NACM Government Affairs Updates
April 2004

Equal Credit Opportunity Act (ECOA) Update

The Federal Reserve Board (FRB), has finally published its new rules amending Regulation B of the ECOA. These new rules are consistent with the FRB's policy of periodically reviewing and updating its regulations. While these new regulations became effective on April 15, 2003, the mandatory compliance date was April 15, 2004. Among the specific provisions of the ECOA of immediate interest to unsecured business credit grantors are: the treatment for noticing
of adverse actions, timeliness of noticing, record retention requirements, and signature of spouses or other persons.

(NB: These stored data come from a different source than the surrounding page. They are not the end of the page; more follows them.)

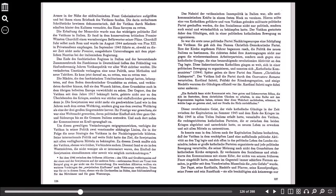Der Gegner, den der Vatikan seit dem Jahre 1917 bekämpft hatte, gehörte nicht nur zu den Überlebenden des Krieges, sondern war stärker und einflussreicher geworden denn je. Die Sowjetunion war nicht mehr ein geschwächtes Land wie in den Jahren nach dem Ersten Weltkrieg, sondern ging aus dem Zweiten Weltkrieg als eine der drei großen Siegermächte hervor. Ihr Prestige war gewachsen, sie war eine Weltmacht geworden, deren politischer Einfluss sich über ganz Ost- und Südeuropa bis an die Grenzen Italiens erstreckte, und auch dort nahm der Kommunismus an Kraft sprunghaft zu. Um diesen gewaltigen Veränderungen entgegenzuwirken, verfolgte der Vatikan in seiner Politik zwei voneinander abhängige Linien, die in der Folge die neue Strategie des Vatikans in der Nachkriegsperiode bildeten.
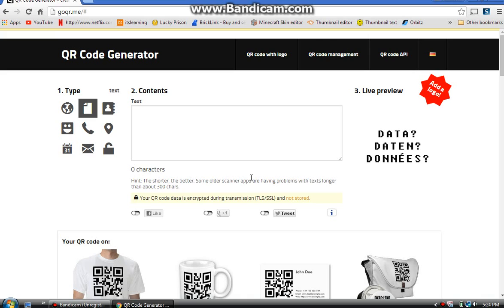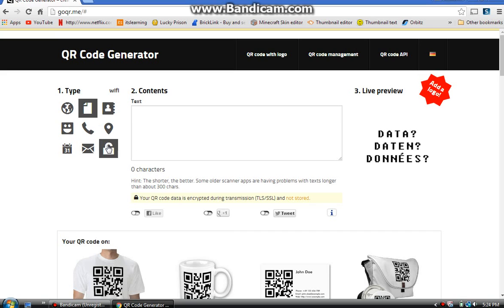There's a hint on the site that says 'the shorter the better' — some older scanner apps have problems with text longer than about 300 characters. I made one with about a thousand characters and that app handled it great. But be careful: scanning a link sometimes causes it to crash, and it stays crashed until you reinstall it. That's the scanner app I use — that's how you make a QR code, that's all I've got for you guys, bye!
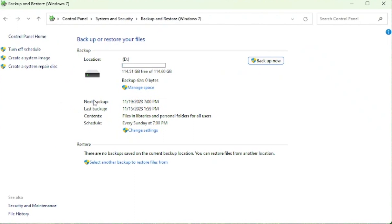All right. Now that we have the disk plugged in, it's going to recognize the disk here. It says that we have 114 GB available. That's perfect.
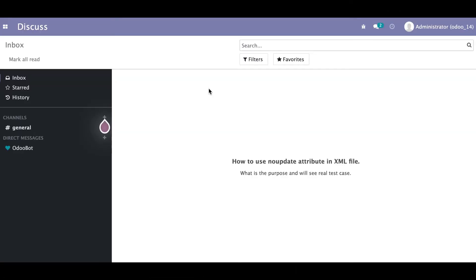In this discussion, you can see how to use the 'noupdate' attribute in XML and specifically in the Odoo tag. We will look at the purpose of this attribute and why we need to use it.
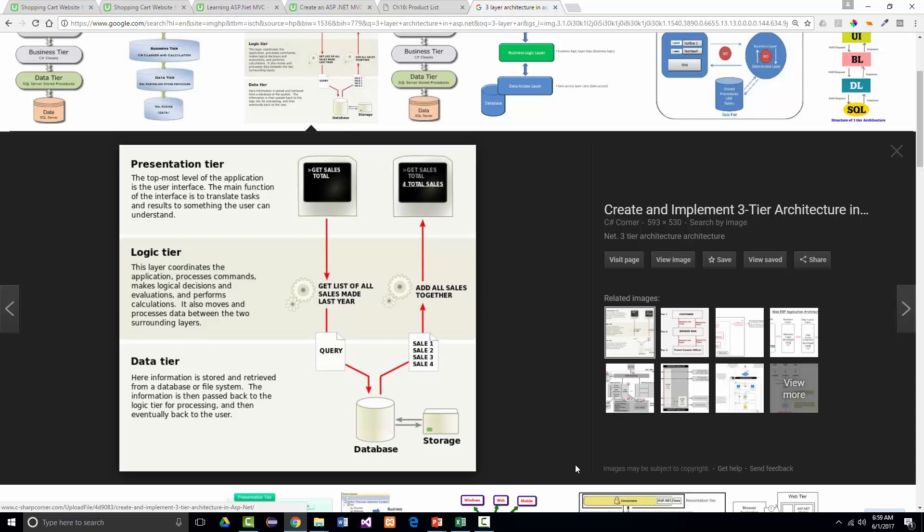Finally, we've got the data tier, where the information is stored and retrieved from a database or file system — and it's almost always going to be some form of a database. The information is then passed back to the logic tier for processing and eventually back to the user. You have no guarantee the database you're going to use will be SQL Server. It very well could be, but you may also need to interface with Oracle, MySQL, DB2, or something else. They may not even use a database, though that's not impossible.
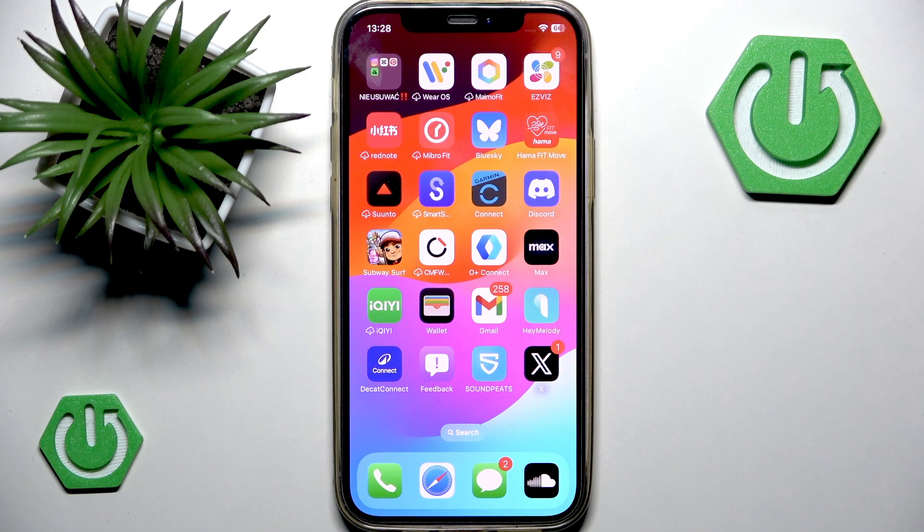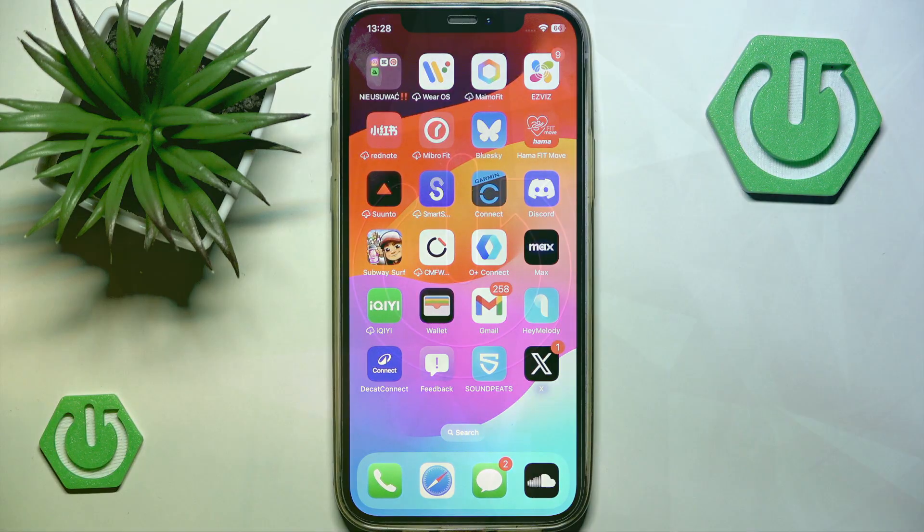Hey, welcome back to the channel Hard to Set Info. Today I will show you how to hide replies on X.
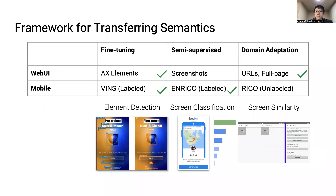To recap, we showed that WebUI can be used to support a wide variety of UI understanding applications by combining automated and human-annotated labels. Here's a framework that summarizes our experiments. For element detection, we applied fine-tuning because we had labels for both web and mobile data. For screen classification, we only had labels for mobile data, so we applied semi-supervised learning using the web data as the unlabeled source. Finally, our screen similarity model used domain adaptation to better transfer models learned using web metadata to mobile apps.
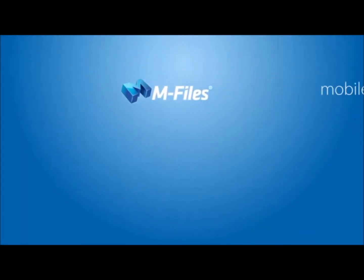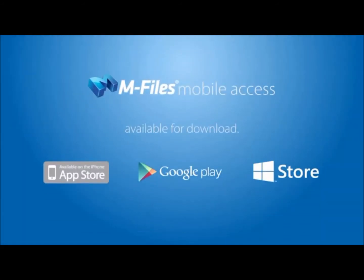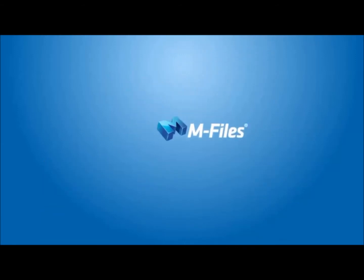It's seamless, mobile, and available for download now. And it's just one of the ways you can experience the magic of M-Files.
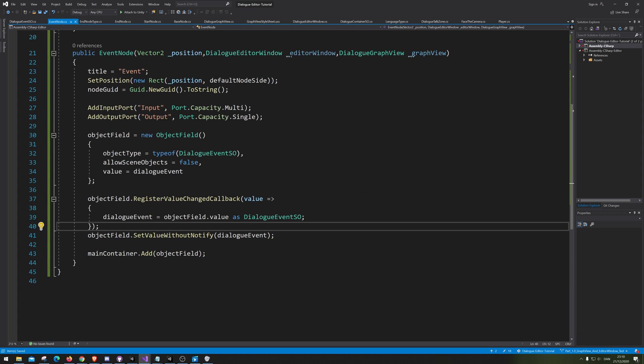And we'll see you in the next video where we should tackle the dialogue node as well.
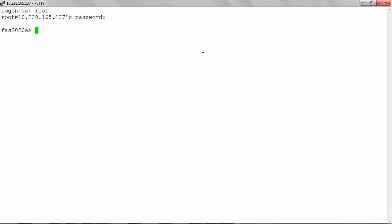In this video, we'll be looking at the procedure for a graceful shutdown and power-up of a storage system during a scheduled power outage. This video is based on KB article 3011926. Now we'll see the procedure to bring a 7-mode system down.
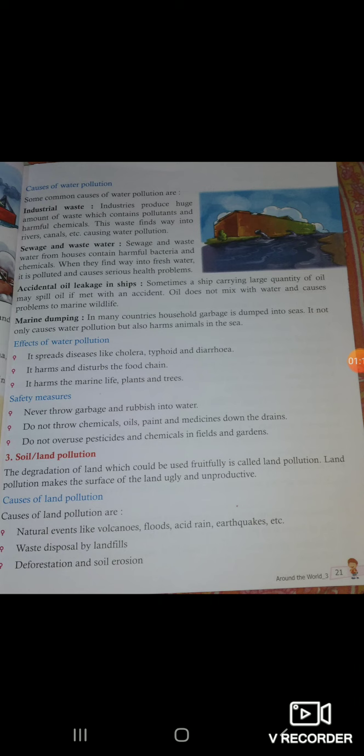First: industrial waste. Industries produce a huge amount of waste which contains pollutants and harmful chemicals. This waste finds its way into rivers and canals, and it is a cause of water pollution.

The ECOA makes it unlawful for a creditor to discriminate against an applicant in any aspect of a credit transaction on the basis of an applicant's national origin, marital status, religion, sex, color, race, age, receipt of public assistance benefits, or the good faith exercise of a right under the Consumer Credit Protection Act. Technically, the ECOA is implemented by the FRB's Regulation B. In August of 1999, the FRB issued proposed rules for the ECOA that covered all elements of the Act from definitions of a "credit application" to the definition of a "creditor" to consideration of the term "adverse action." In all, the FRB received over 750 comments on the proposed new rules—a response that delayed publication and implementation of the new rules until 2003 and 2004.

Discussion and Summary of Relevant Revisions to Regulation B
Adverse Action (Section 202.2 (c)) "Under the new regulations, adverse action is defined as a refusal to grant credit in substantially the amount, or on substantially the terms requested in an application, unless the creditor makes a counteroffer (to grant credit in a different amount or on other terms) and the applicant uses or expressly accepts the credit offered. It also means a termination of an account or an unfavorable change in the terms of an account that does not affect all, or substantially all, of a class of the creditor's accounts. It could also include a refusal to increase the amount of credit available to an applicant who has made an application for an increase.

It does not mean a change in the terms of an account expressly agreed to by an applicant, nor does it include any action relating to an account taken in connection with inactivity, default, or delinquency.

Business Credit (Section 202.2 (g))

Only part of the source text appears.